*** Begin section ***
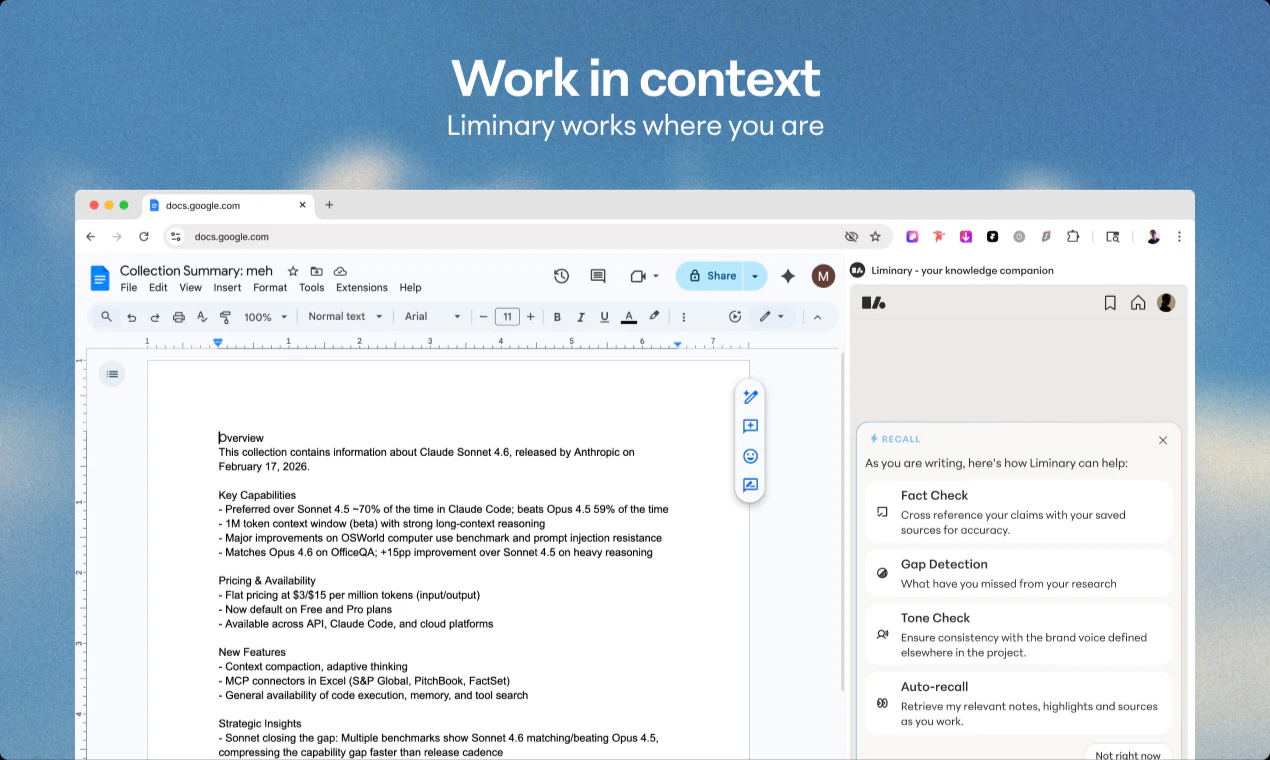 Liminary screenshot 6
*** End section ***
*** Begin section ***
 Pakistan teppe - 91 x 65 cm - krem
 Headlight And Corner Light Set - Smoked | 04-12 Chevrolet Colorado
*** End section ***
> _Exercise_
Repeat, character for character, the lines of the material above from the line with "Pakistan teppe - 91 x 65 cm - krem" through the line with "Headlight And Corner".

> _Exercise output_
 Pakistan teppe - 91 x 65 cm - krem
 Headlight And Corner Light Set - Smoked | 04-12 Chevrolet Colorado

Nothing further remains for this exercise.